# How much did your Pitbull weigh at 7 months



## Titanthepitbull

I have just realized that Titan is very close to being 7 months old and I am sensing he is a little small for his age at only around 43 lbs


----------



## Ang3lblu3y3s

Every pit is different but that seems ok, if its a major concern where back bone or ribs are showing you might want to seek advice from a vet. My female only weighed 43 full grown but was short and muscular in a tiny way.

Sent from Petguide.com Free App


----------



## Bosscobb

Our Boss weighs 52 lbs. He will be 7 mos. Next week.

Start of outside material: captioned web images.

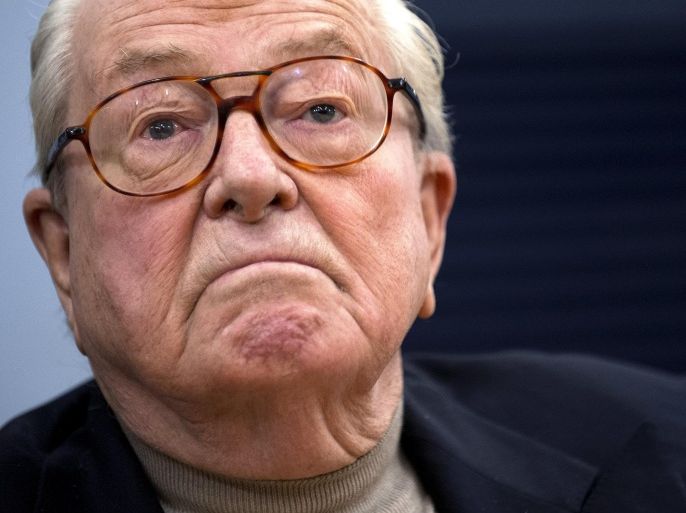 French far-right Front National (FN) party honorary president Jean-Marie Le Pen looks on during a press conference in Aubigny, western France, on January 17, 2015. Protesters gathered during Le Pen's visit holding signs reading 'Je suis Charlie' after Le Pen said on January 16 in an interview published in the Russian newspaper Komsomolskaya Pravda that the Paris attack at satirical weekly Charlie Hebdo 'bears the signature of [French] intelligence services'. AFP PHOTO / JEAN-SEBASTIEN EVRARD
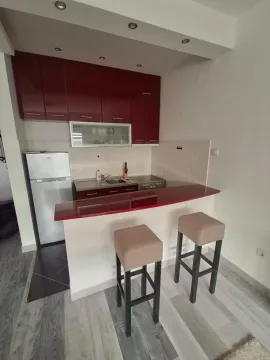Smaller kitchen with a breakfast bar and two bar stools. - image 17
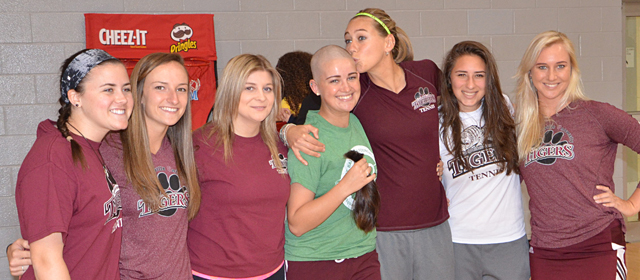 Haley Dallas, fourth from left, receives a kiss on her newly shaved head from her fellow Lady  Tiger Tennis Team member Megan Charity after Haley shaved her head at St. Baldrick's. Other tennis team members congratulating her were from left: Meg Brown, Jenna Sallee, Jade  Letheby, Anna Tumanyan and Lindy Charity. (Campbellsville University Photo by Mikayla  Smith)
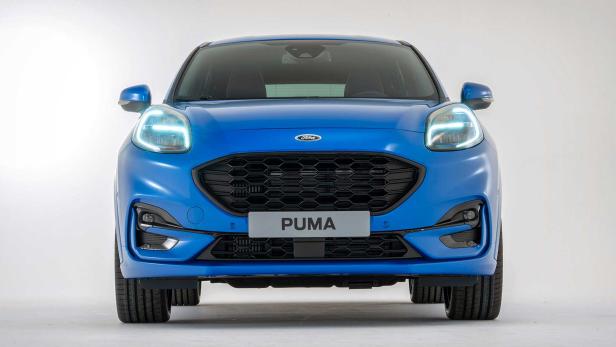 Die Frontansicht eines blauen Ford Puma mit eingeschalteten Scheinwerfern.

Sent from Petguide.com Free App


----------



## pitbull4life

Mine probably weighed 45-50 pounds at 7 months. She's fully grown now and weighs 70


----------



## American_Pit13

My girls weight between 30 and 42 lbs full grown. Pit Bulls are small dogs not large ones.


----------



## Just Tap Pits

My xl dog was between 60-70 at .7 months I think. I know he kept gaining weight steadily until 9 to one year then he plateaued until weight pull training started


----------



## ames

Most pups will grow up until a year and the grow and fill out for the next year. A good guess is doubling your pups four month old weight to get their adult weight. My pup was about 45lbs I think at 7 months? He is 56lbs now and was 29lbs at four months

Sent from Petguide.com App


----------



## Soyfon

*Hmmm*

I just weighted mine, he is 7 month and 3 days, he is around 65 lb, he isn't fat though  ... , but his siblings are like... 40-55 lb... we weight em every month and report to each other... however... he haven't seen his siblings since he was 5 month since I've been traveling, been calling to check up on em though  and his name is Titan also haha


----------



## HeavyJeep

I know this is an old thread.. My 6 mo old is 23 lbs.. Hell my biggest full grown female is only 61 chain weight. And that is huge to me..


----------



## M.o.E.

MY puppy weighs 80lbs at 7 months & 1 week...
he's mix pit, his mom red nose & his dad a blue brindle...


----------



## bdonovan87

my pitt nawla is 7 months she weighs 58 pounds she is an amazing dog feed them great food i feed mine raw and origen tundra its amazing shes a moo moo coloured from a blue nose mother and black and white father. nawla is a purebred amstaff


----------